Mannheim rio Neckar

Mannheim, ¿la ciudad más fea de Alemania?

Mannheim carga con un sambenito que parece que no podrá quitarse nunca de encima. Y es que muchos alemanes la tachan de ser una de las ciudades más feas del país.

Si bien es cierto que no es una de las ciudades más bonitas de Alemania, ni tan si quiera una de las más bonitas del estado de Baden-Württemberg, no creo que merezca el deshonroso título de ser una ciudad fea feísima.

Probablemente no ayuda que una de sus vecinas más cercanas sea Heidelberg, considerada por muchos como “una ciudad de cuento de hadas”; la cual, aunque es verdad que es más bonita que Mannheim, en mi opinión está un poco sobrevalorada.

Pero, entonces, ¿por qué desprestigian los propios alemanes a la ciudad de Mannheim?

Mannheim: una víctima de la industrialización y la Segunda Guerra Mundial

Mannheim

Desde sus orígenes, Mannheim ha sido una ciudad industrial. Una fuente de trabajo para obreros de la metalurgia, el automovilismo y muchas otras clases de industrias. En consecuencia, en la ciudad existían y existen muchas áreas de fábricas y naves industriales que, obviamente, no son bonitas.

Sin embargo, eso no era incompatible con la construcción de un bonito centro histórico y edificaciones emblemáticas, como en cualquier otra ciudad. Así, en Mannheim se construyó un enorme castillo, un llamativo ayuntamiento o una preciosa estación de bomberos, entre otros.

El problema es que, en la actualidad, la gran mayoría de ellos, no tiene ningún valor histórico.

alte feuerwache mannheim

Puesto que durante la Segunda Guerra Mundial Mannheim ya era un tremendo foco de actividad industrial, los aliados bombardearon la ciudad de punta a punta hasta reducirla a escombros.

Mientras que Heidelberg fue respetada y sobrevivió al conflicto prácticamente intacta, la desafortunada Mannheim fue despojada de su historia y belleza. Y es que, las bombas, no solo acabaron con las fábricas de la ciudad, sino con prácticamente cualquier edificio de valor histórico y arquitectónico que había en ella.

Tras el fin de la guerra, había que reponerse cuanto antes y devolver la vida a la ciudad y la normalidad a sus habitantes.

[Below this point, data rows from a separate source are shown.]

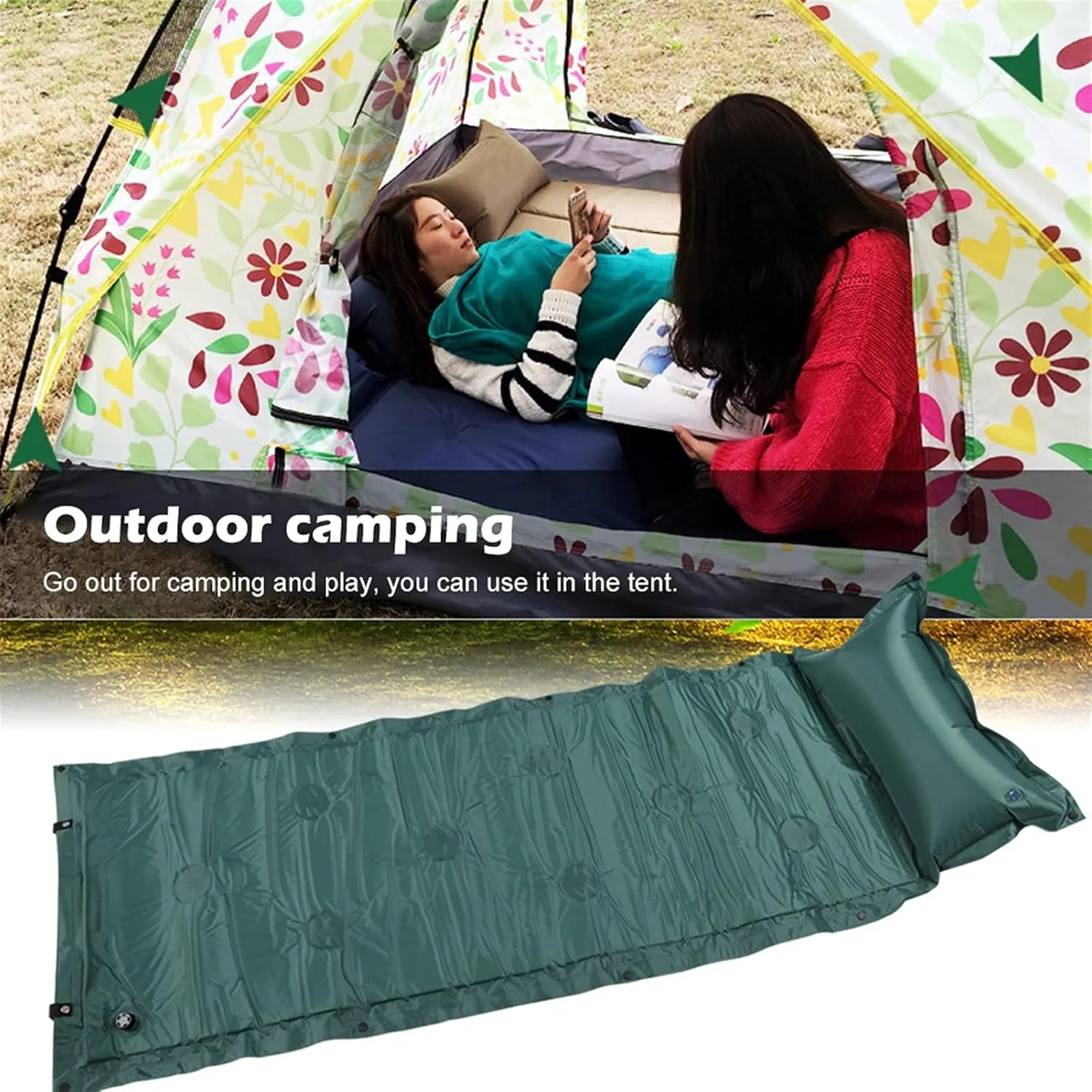 GaRcan Camping Roll Mat Sleeping Bed Inflatable Pillow Air Mattress Bag Camping Pad Picnic Beach Mat Sand Mat Beautiful Scenery (Green 183cm (with Pillow))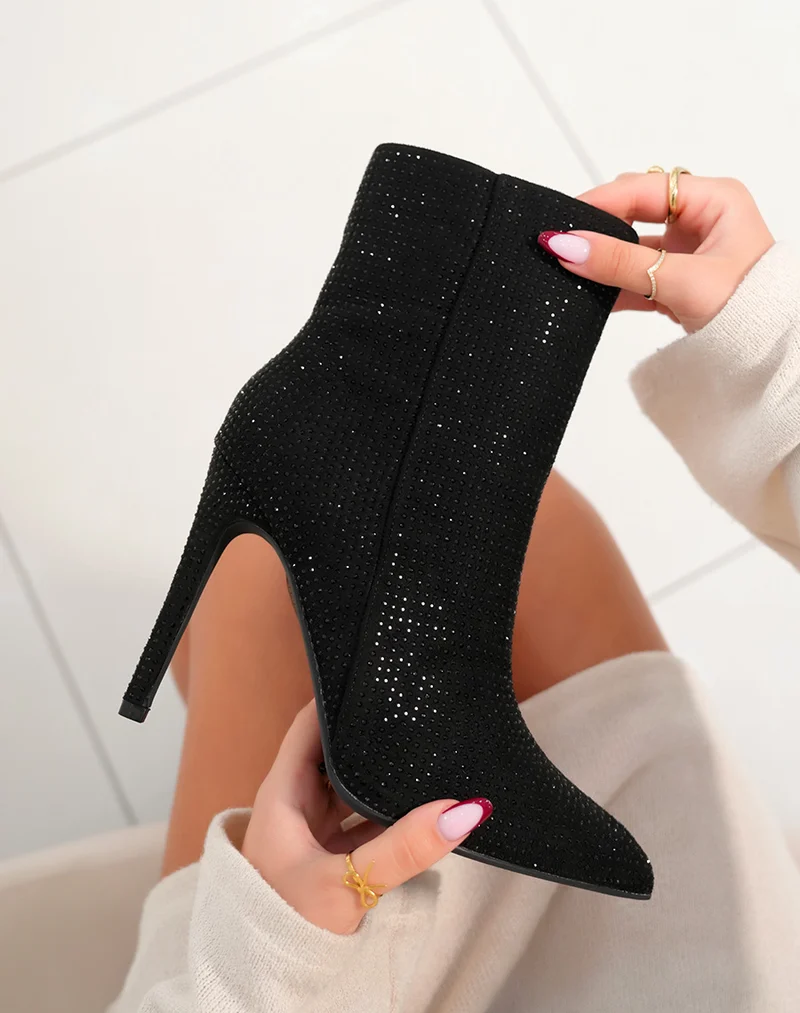 Bottines à talon noires à strass
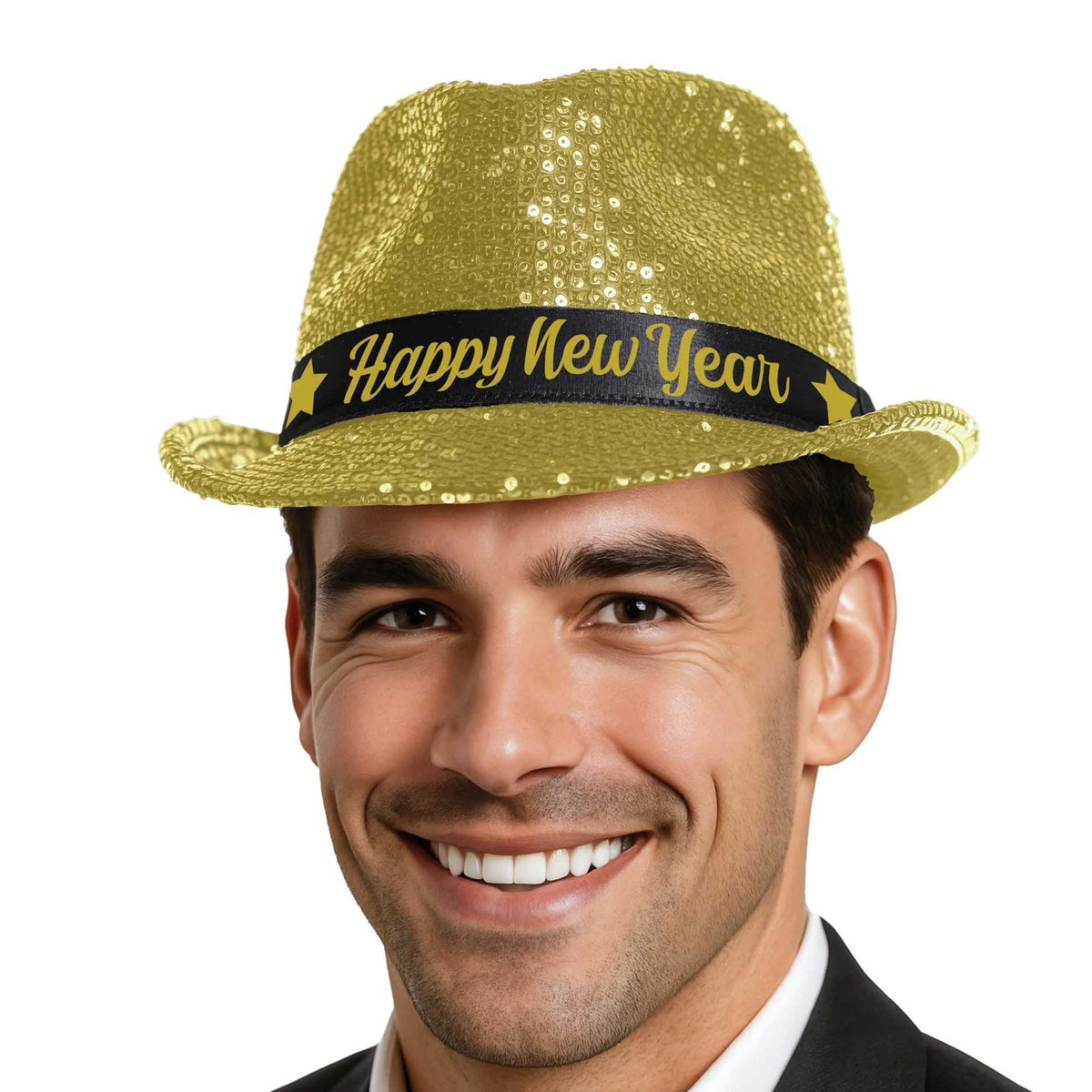 Gold - Front - Fiestas Guirca Gangster Sequins New Year Costume Hat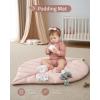 imageBlissful Diary Shell Baby Play Gym Mat Softer ampamp Enlarged Tummy Time Mat w 6 Detachable Toys for Sensory ampamp Motor Skill Development Activity Mat for Newborn Essentials Shower Gift Boho Ocean ThemeCrystal Pink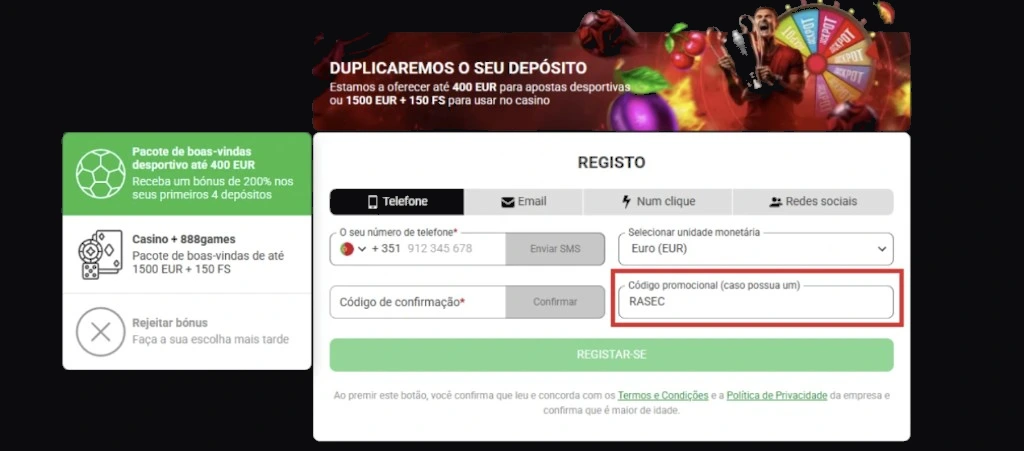 Registo 888starz com promocode RASEC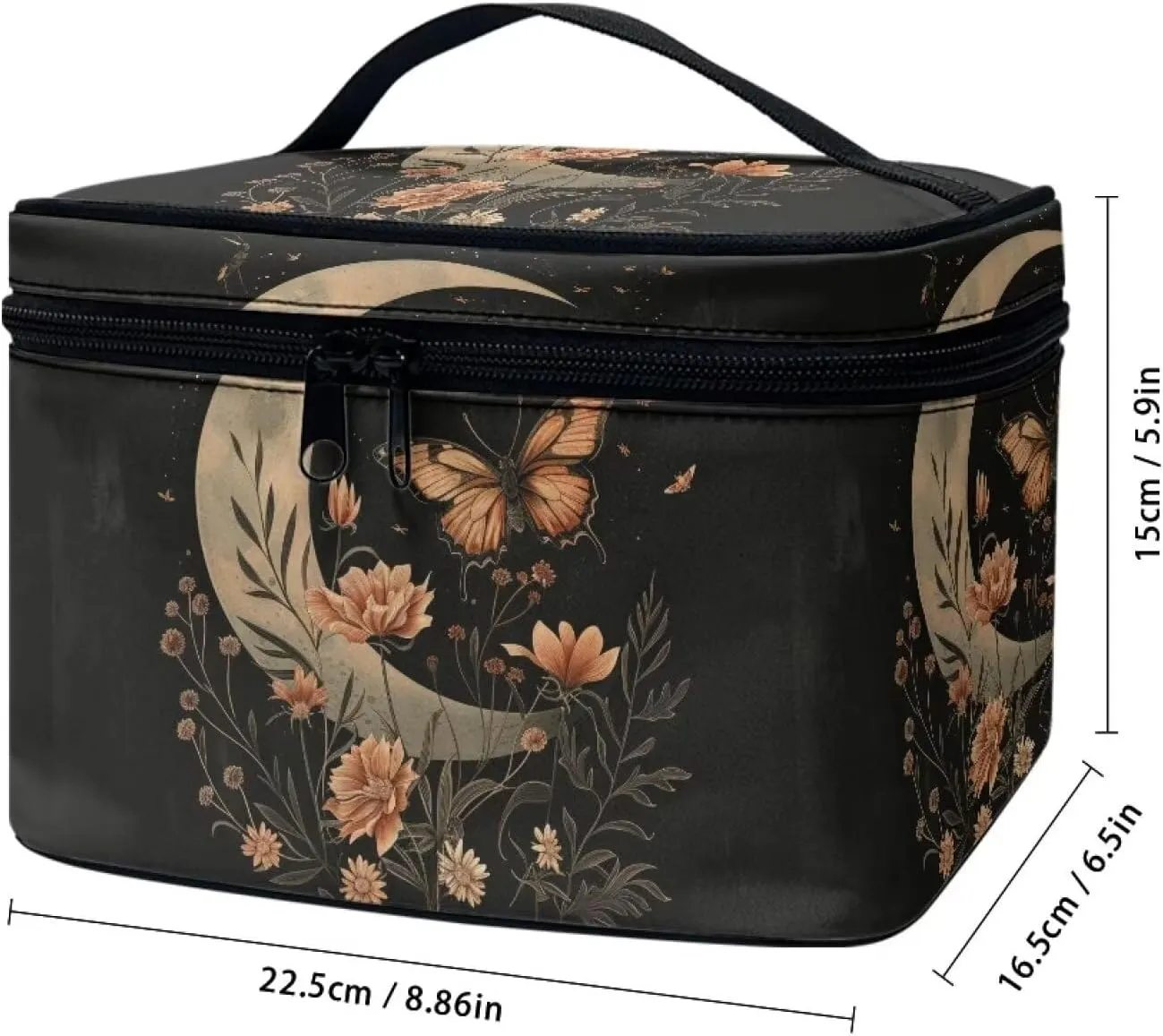 Flashideas Butterfly Moon Makeup Bag Makeup Organizer Bag for Travel for Cosmetics Vertical Storage Multifunctional Makeup Toiletry Bag for Skincare Makeup Organizer Bag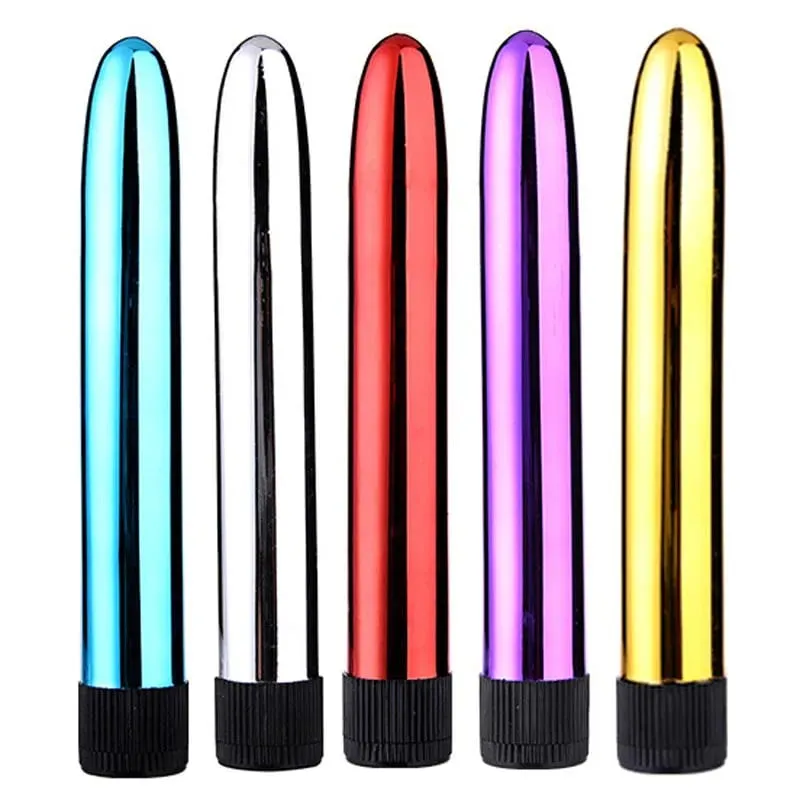 6-Color Metal Body Vibrator AA Battery Powered 18cm Relaxation Massage Bullet Seducer clitoral stimulation Sex toys for Women — image 4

Así, gran parte de las viviendas, totalmente destruidas, se construyeron sin prestar atención a la armonía o belleza de las mismas. En ese momento, solo importaba reconstruir la ciudad cuanto antes.

La mayoría de los edificios emblemáticos fueron construidos desde cero, pero respetando el aspecto que tenían antes de ser bombardeados. Muchos de ellos fueron reconstruidos utilizando los escombros originales de la edificación, como ocurrió por ejemplo con el castillo.

Pero, a pesar de que se hayan creado réplicas exactas, ninguno de ellos tiene valor histórico o arqueológico, lo que favorece que sean ninguneados o poco valorados respecto a muchos otros edificios emblemáticos del país.

Por tanto, Mannheim no es más que una ciudad desafortunada, una cicatriz de uno de los peores conflictos que haya sufrido la sociedad moderna. Una ciudad que, personalmente, dista mucho de ser una de las más feas de Alemania.

En cualquier caso, creo que, en lugar de ver la fealdad y la "no importancia" de su arquitectura, habría que valorar su gran capacidad por resurgir de las cenizas y su ímpetu por recobrar, en la medida de lo posible, la esencia de lo que un día fue.